Half of modern workers have less than $25,000 in savings. It can be a harsh reality to deal with, for both advisors and individuals. According to the most recent statistics from the United States Census Bureau, the median income in the US is $54,000. That doesn’t go far by modern economic standards, making it very difficult for anyone earning less than that to save or plan their retirement. They are too busy trying to pay for today to worry about tomorrow, next year or three decades from now.
One of the best ways to combat this savings deficiency is to automate the process as much as possible, preventing clients from reaching into their wallets in order to save. However, most financial advisors realize this is often impossible to do on a permanent basis, so here are 3 Do’s and 3 Don’ts that advisors can pass along to clients to ease the burden of saving for retirement:
Do #1: Plan for a long life
The Social Security Act was passed in 1935. This was at a time when life expectancy was much lower, 62 years. Retirement was at 65 and the beneficiaries of Social Security received payouts for 12-15 years, on average. With the advances in healthcare, however, a married couple has a 70% chance that one of them will live to at least age 85, bringing payouts to 20 years or more on Social Security for at least one partner.
Do #2: Put tax refunds into savings
Not all clients work for companies that provide their own 401(k) and this can make life more difficult. This scenario can be easily averted by having clients start an IRA & funding it on a regular basis. Even with a 401(k) plan, an IRA can give your clients an added boost for retirement. Bonuses, tax refunds or inheritances can, and likely should, be used to pad this account whenever possible.
Do #3: Learn Social Security benefits and options
As clients prepare to enter retirement there are some serious Social Security decisions and deadlines that need to be taken into consideration. Due to the Bipartisan Budget Act of 2016, there have been significant changes made to Social Security and the payout strategies that can be used.

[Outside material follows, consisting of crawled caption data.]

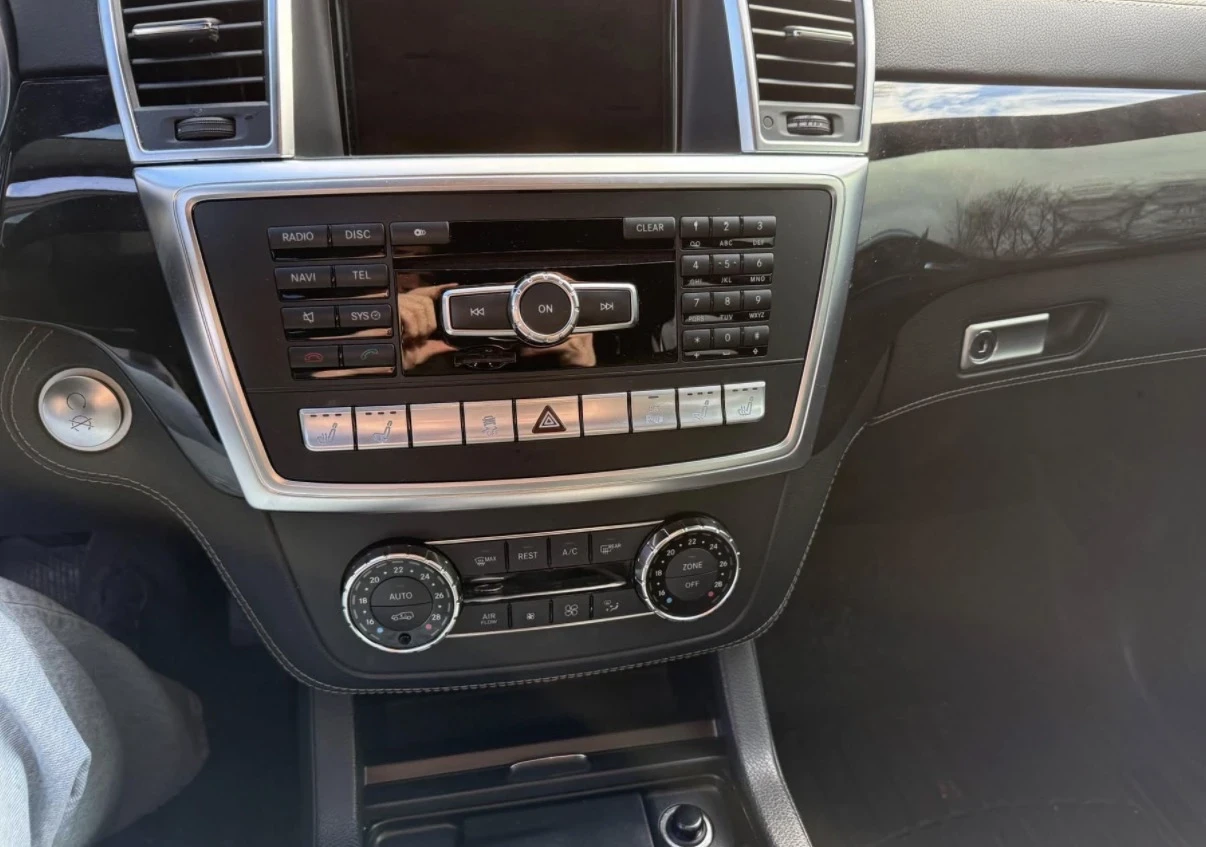 Mercedes-Benz ML 550 V8 BITURBO * ОБДУХВАНЕ * ПАНОРАМА * CARFAX * , снимка 10 - Автомобили и джипове - 54165246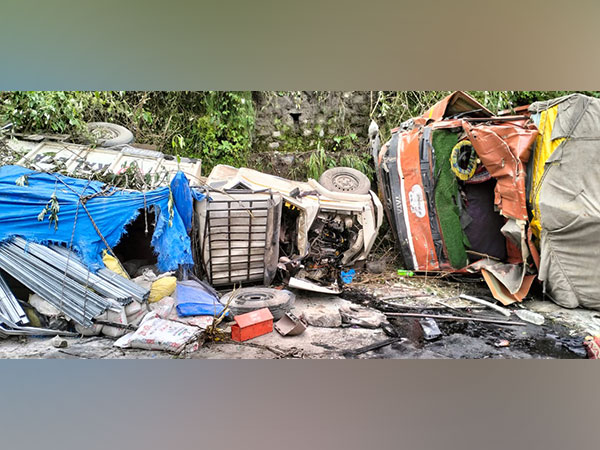 Truck-Jeep collision in Shimla (Photo/ANI)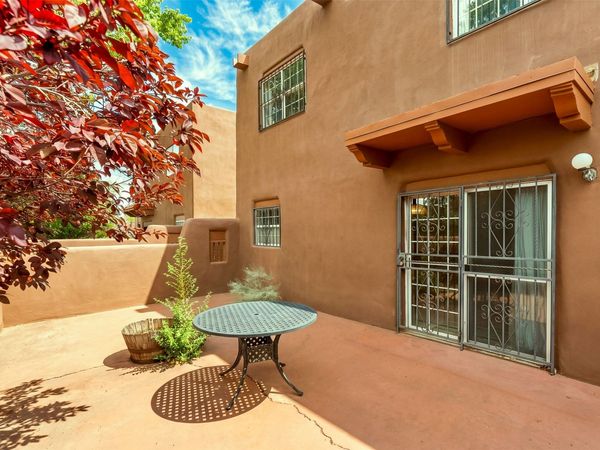804 Faldas De La Sierra , Santa Fe, NM 87501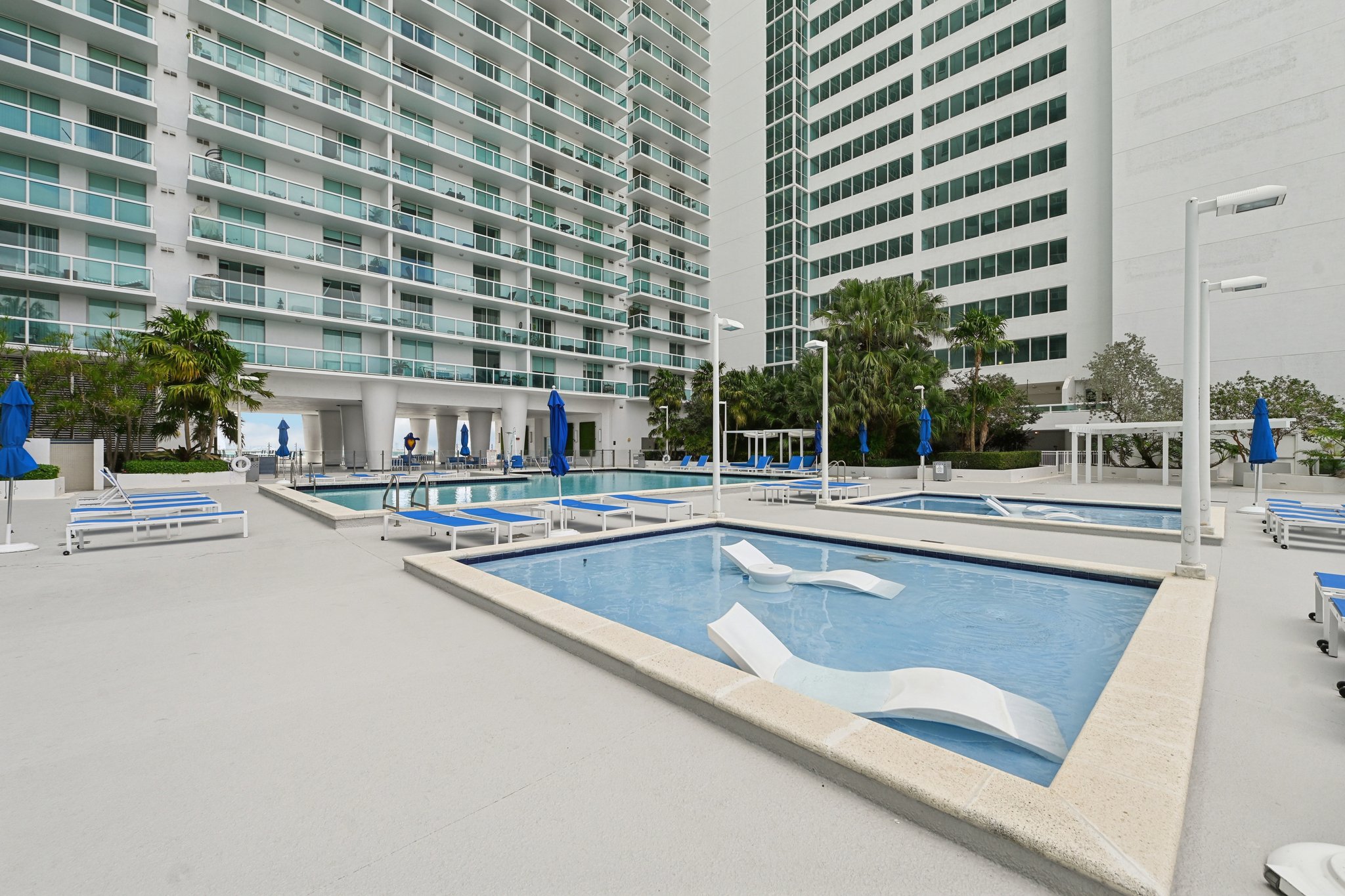N Bayshore Dr 2811-1003-907.jpg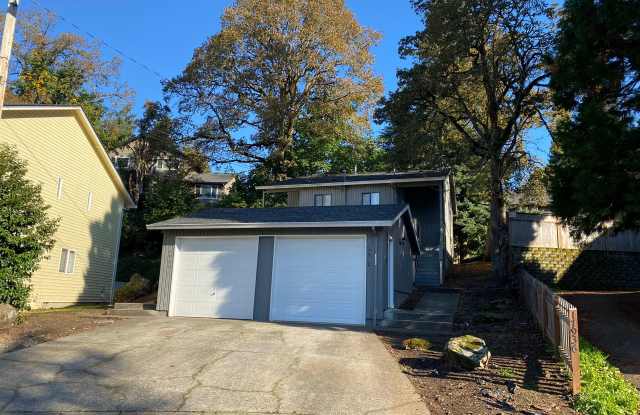 Large 2 bedroom, 1.5 bathroom Townhouse style Duplex! photos photos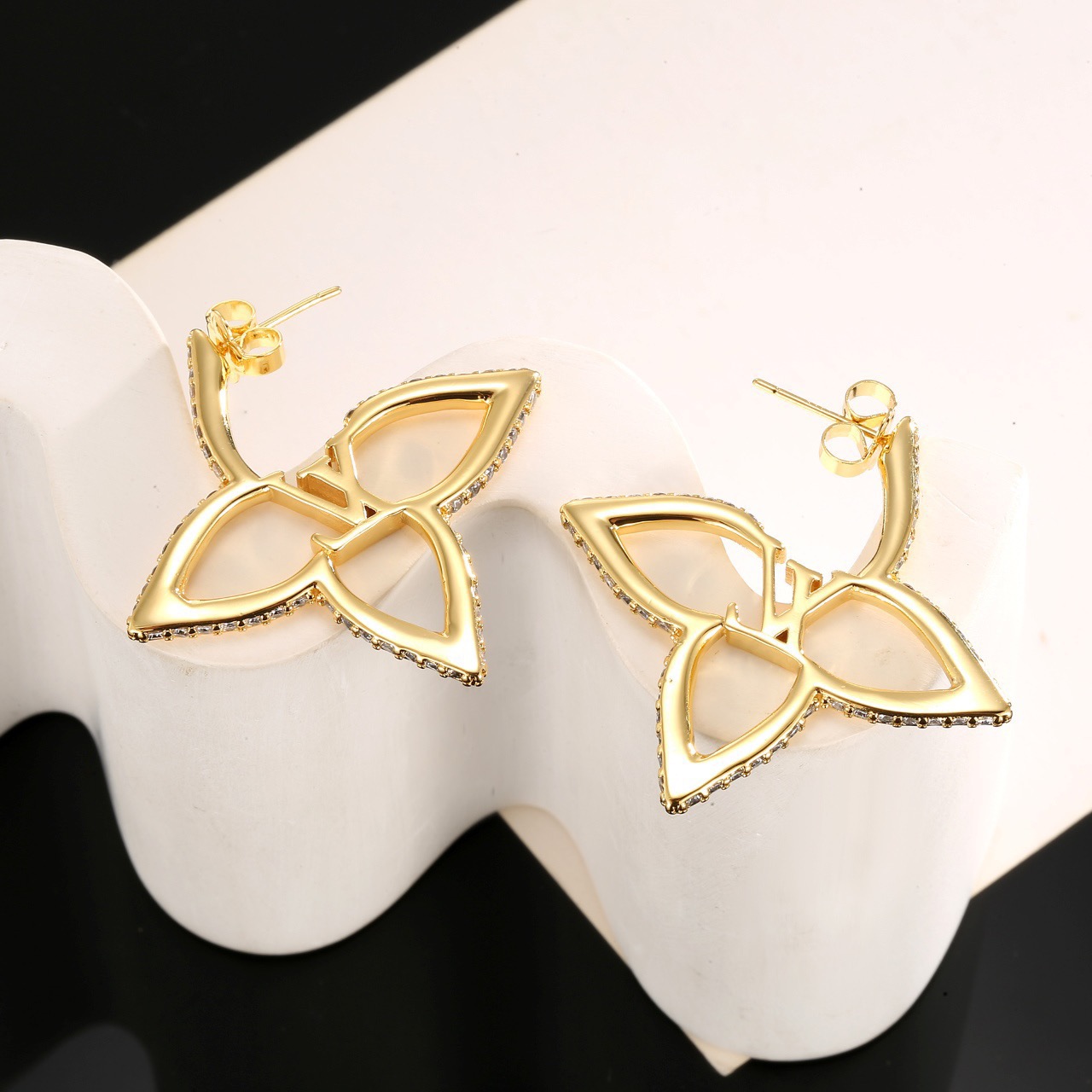 louis vuitton openwork monogram flower earrings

Clients turning 62 in 2016 can no longer to elect to collect spousal payment based on the higher earners benefits and then choose to switch to payments based on their earnings at a later date.
Until this year, clients could delay payouts from their own Social Security benefits this way and enjoy a higher payout as a result of delaying their claim. If clients weren’t 62 by the end of 2015 they can no longer do this type of restricted application anymore. Now clients can only elect to claim a spousal payment or one based on their work record, typically whichever one is higher.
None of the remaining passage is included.